▶ TASK TO COMPLETE:
Copy each line, word for word, from the one with "Dos ventanas con" through the final line of the listing, but skip the pictures.
---------- EXTRACTED DATA
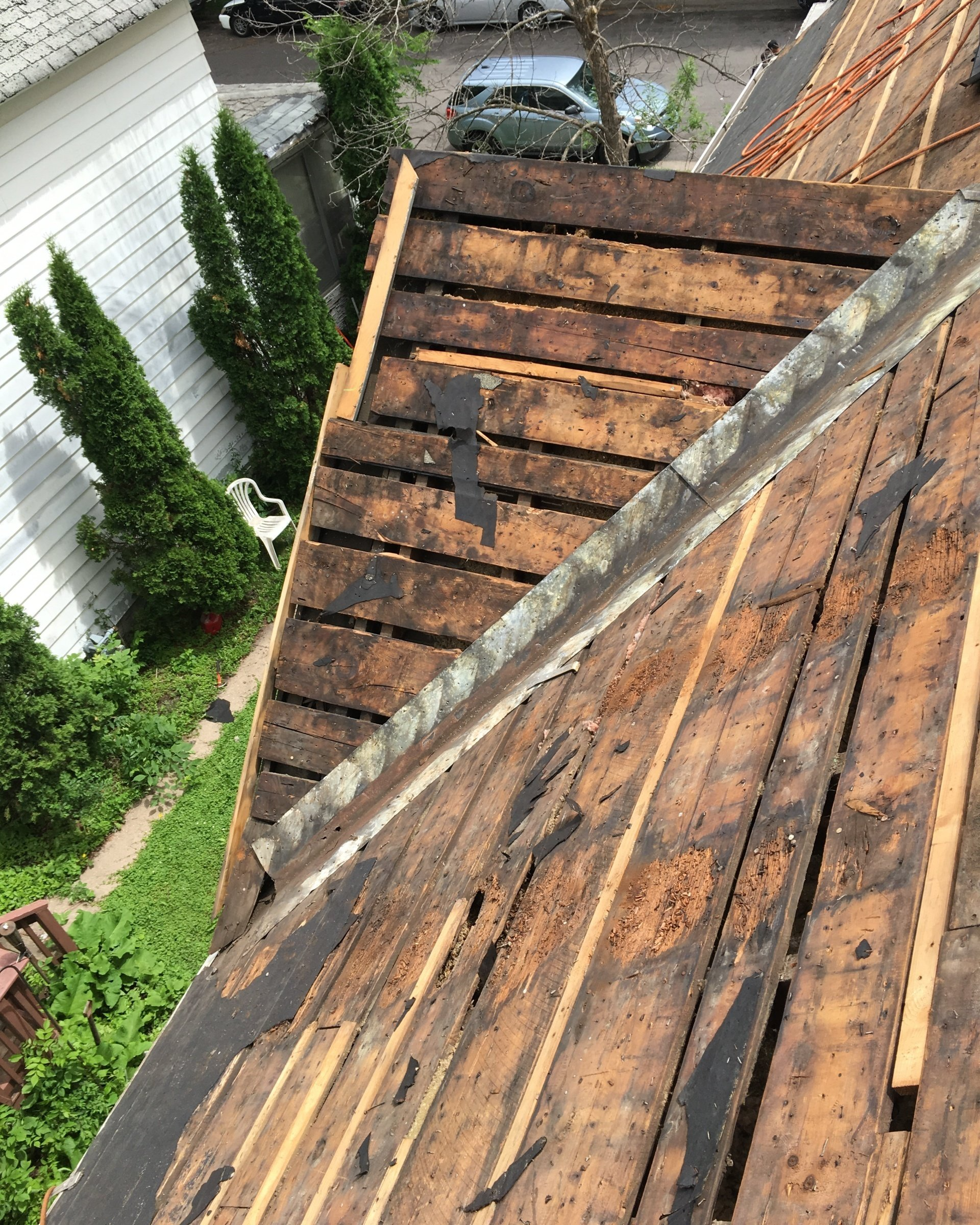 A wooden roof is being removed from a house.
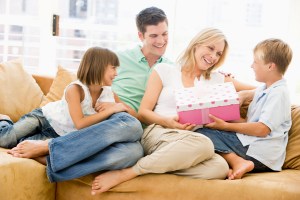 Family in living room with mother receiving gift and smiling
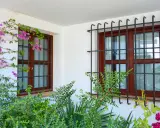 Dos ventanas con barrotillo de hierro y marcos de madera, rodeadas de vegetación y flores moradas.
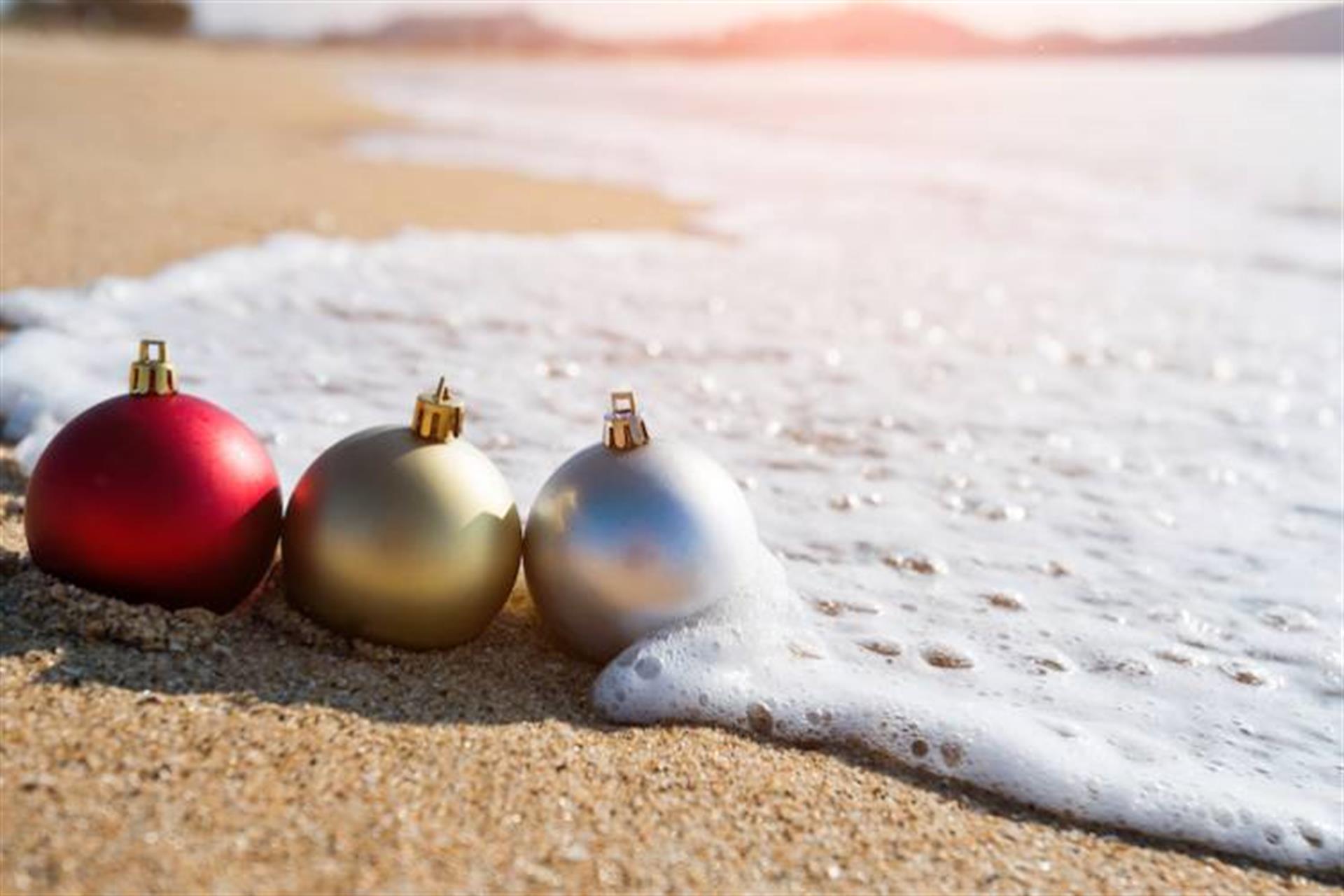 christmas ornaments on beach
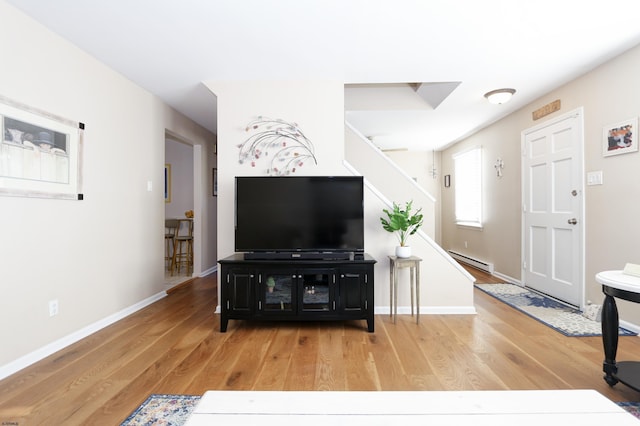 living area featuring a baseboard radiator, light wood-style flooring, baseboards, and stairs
--------------------
▶ RESULT OF THIS TASK:
 Dos ventanas con barrotillo de hierro y marcos de madera, rodeadas de vegetación y flores moradas.
 christmas ornaments on beach
 living area featuring a baseboard radiator, light wood-style flooring, baseboards, and stairs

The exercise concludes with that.